Seollal is a very family friendly holiday and the roadways are normally very busy with everyone traveling back home to visit friends and relatives. Children typically honor their elders and ancestors by giving them a sebae bow (a very deep bow) and offering wonderfully prepared dishes of food. In return, the elders bless the children by offering them words of wisdom and money for the new year. (I’m sure Seollal will quickly become one of Perry and Ruby’s favorite holidays!)

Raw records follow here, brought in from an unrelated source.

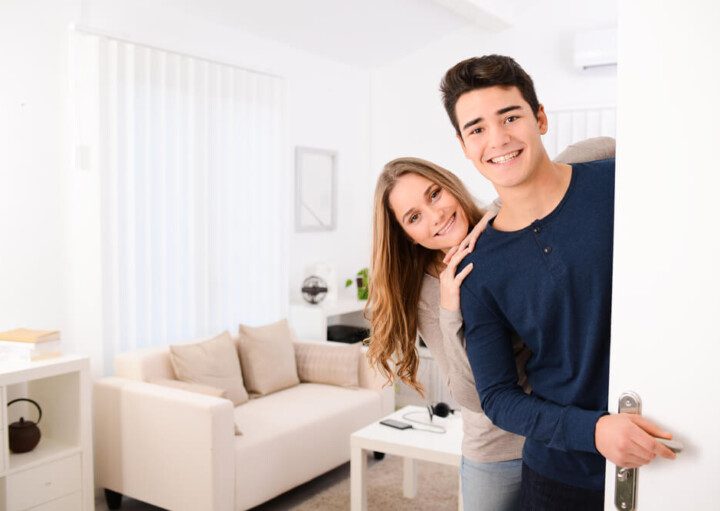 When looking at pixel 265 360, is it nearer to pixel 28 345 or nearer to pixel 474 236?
pixel 28 345

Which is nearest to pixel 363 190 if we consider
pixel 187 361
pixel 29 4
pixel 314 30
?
pixel 314 30

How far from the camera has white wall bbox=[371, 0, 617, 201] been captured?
16.5ft

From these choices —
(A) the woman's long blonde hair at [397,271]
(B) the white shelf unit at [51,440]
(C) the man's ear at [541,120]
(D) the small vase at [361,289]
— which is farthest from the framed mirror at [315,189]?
(C) the man's ear at [541,120]

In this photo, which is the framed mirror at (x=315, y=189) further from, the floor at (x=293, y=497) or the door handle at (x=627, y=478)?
the door handle at (x=627, y=478)

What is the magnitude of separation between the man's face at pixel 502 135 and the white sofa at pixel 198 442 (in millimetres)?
2046

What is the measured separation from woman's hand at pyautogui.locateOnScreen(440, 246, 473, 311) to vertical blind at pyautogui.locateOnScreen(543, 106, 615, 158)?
150 inches

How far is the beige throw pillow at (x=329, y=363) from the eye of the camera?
13.7 feet

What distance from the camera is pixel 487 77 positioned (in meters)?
1.29

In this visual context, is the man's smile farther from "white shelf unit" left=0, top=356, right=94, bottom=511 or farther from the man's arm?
"white shelf unit" left=0, top=356, right=94, bottom=511

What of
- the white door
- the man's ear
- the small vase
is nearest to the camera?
the white door

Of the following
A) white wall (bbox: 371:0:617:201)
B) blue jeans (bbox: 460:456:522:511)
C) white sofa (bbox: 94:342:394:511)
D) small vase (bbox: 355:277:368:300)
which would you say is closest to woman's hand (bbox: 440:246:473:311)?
blue jeans (bbox: 460:456:522:511)

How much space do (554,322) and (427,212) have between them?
51 cm

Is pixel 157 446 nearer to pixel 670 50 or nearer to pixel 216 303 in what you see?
pixel 216 303

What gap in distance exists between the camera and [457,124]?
136 centimetres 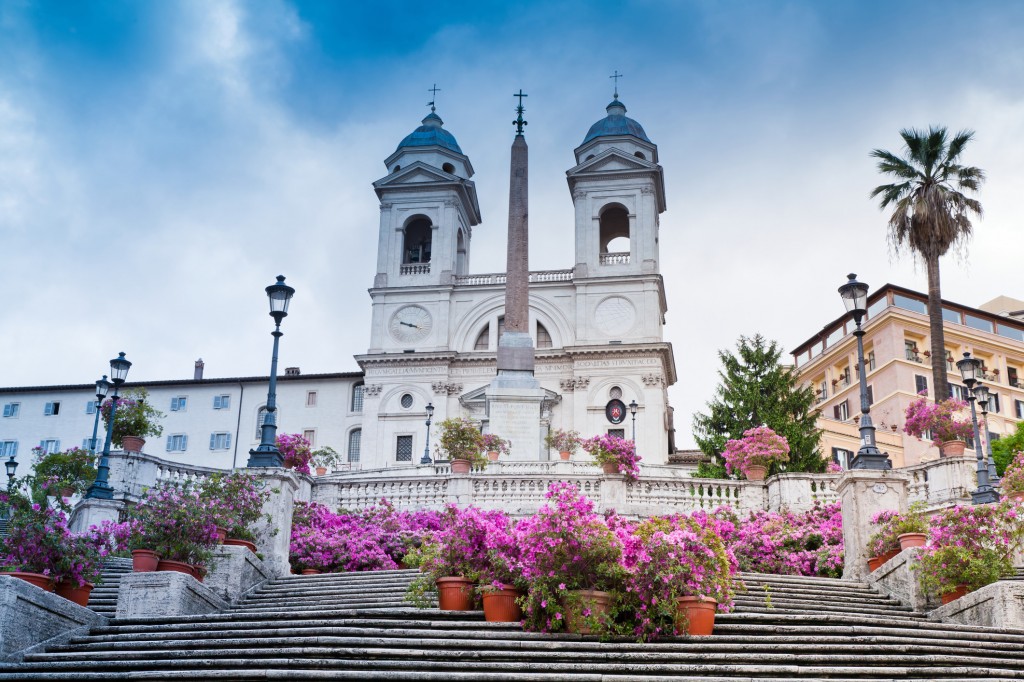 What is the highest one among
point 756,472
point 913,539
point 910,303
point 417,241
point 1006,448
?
point 417,241

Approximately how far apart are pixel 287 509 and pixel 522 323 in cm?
3548

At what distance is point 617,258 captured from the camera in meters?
66.5

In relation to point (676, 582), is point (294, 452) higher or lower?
higher

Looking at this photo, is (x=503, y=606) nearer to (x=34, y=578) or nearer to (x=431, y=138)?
(x=34, y=578)

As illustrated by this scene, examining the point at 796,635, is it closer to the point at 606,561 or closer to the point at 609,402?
the point at 606,561

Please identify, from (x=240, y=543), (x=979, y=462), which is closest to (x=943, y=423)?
(x=979, y=462)

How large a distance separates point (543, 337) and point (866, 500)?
47.1 m

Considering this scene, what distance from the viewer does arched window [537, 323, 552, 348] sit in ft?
214

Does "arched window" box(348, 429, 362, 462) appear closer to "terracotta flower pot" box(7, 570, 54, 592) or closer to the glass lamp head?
the glass lamp head

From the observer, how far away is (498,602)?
45.6 ft

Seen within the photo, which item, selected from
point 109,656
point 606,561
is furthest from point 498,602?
point 109,656

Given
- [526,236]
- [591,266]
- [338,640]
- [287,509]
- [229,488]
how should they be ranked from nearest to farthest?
[338,640] < [229,488] < [287,509] < [526,236] < [591,266]

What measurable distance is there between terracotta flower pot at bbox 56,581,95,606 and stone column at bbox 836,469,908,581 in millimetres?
11386

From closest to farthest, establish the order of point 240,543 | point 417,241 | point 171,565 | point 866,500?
point 171,565
point 240,543
point 866,500
point 417,241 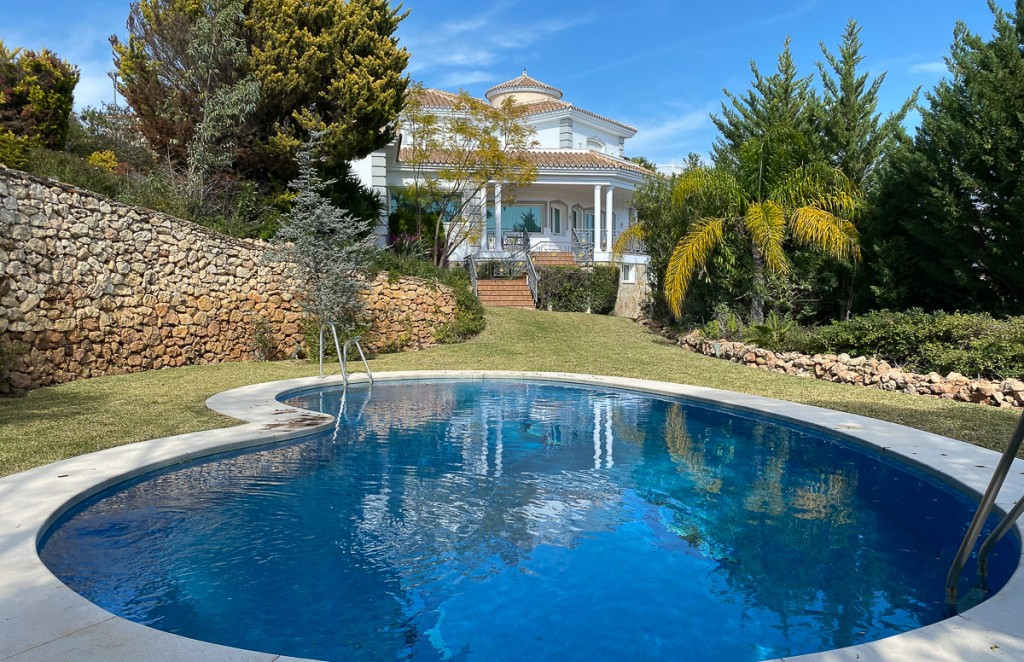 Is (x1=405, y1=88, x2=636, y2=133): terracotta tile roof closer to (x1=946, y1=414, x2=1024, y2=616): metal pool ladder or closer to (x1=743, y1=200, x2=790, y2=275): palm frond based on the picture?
(x1=743, y1=200, x2=790, y2=275): palm frond

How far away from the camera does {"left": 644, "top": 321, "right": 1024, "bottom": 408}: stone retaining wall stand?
30.1ft

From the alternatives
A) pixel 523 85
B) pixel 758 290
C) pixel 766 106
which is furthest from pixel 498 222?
pixel 523 85

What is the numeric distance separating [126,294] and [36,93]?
230 inches

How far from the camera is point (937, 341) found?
35.7ft

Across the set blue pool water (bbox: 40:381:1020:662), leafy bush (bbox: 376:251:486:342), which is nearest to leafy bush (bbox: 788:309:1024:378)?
blue pool water (bbox: 40:381:1020:662)

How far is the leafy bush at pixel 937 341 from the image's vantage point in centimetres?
989

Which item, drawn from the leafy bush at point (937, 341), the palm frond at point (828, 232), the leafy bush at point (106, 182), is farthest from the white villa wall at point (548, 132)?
the leafy bush at point (937, 341)

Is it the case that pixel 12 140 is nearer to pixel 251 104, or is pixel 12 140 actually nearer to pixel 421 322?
pixel 251 104

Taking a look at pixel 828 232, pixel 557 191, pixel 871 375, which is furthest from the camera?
pixel 557 191

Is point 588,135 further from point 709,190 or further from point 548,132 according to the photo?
point 709,190

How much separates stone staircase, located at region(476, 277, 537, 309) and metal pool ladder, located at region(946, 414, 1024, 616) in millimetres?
18213

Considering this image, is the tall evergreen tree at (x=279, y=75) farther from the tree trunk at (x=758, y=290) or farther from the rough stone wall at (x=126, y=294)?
the tree trunk at (x=758, y=290)

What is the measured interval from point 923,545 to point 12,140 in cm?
1669

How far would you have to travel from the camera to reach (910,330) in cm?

The holiday continues as families gather together to play all sorts of traditional board and other fun games that consist of yutnori, a board game that involves throwing four wooden sticks, and go-stop, a card game that uses hwatu (flower cards) to score as many points as possible in order to win. Such traditional games as jegichagi (hacky-sack), neoltwiggi (see-saw), tuho (arrow toss), and yeonnaligi (kite flying) are also widely played at public and recreational parks. Finally, families wind down by going to a theater or watching Seollal Specials on television.
We are hoping and praying that the Year of the Dragon brings us our little Korean beauty. Until then, we are wishing Ruby Grace the Happiest Seollal (as this is most likely her first) and doing a little celebrating of our own. Although our meal isn't quite as elaborate as a traditional Korean Seollal meal, I still had a wonderful time whipping us up some beef and broccoli, crisping up some delicious spring rolls, and snacking on some delicious oranges- also a tradition for Koreans on Seollal. Then, we winded down our evening with P playing with Hank and J and I watching a special on TV-The Bachelor... Nothing too fancy, but we are having so much fun already, embracing and learning all about Miss Ruby’s Korean culture!
8. the call to adopt from South Korea
9. a traditional wok and Korean Cookbook
10. scrumptious spring rolls!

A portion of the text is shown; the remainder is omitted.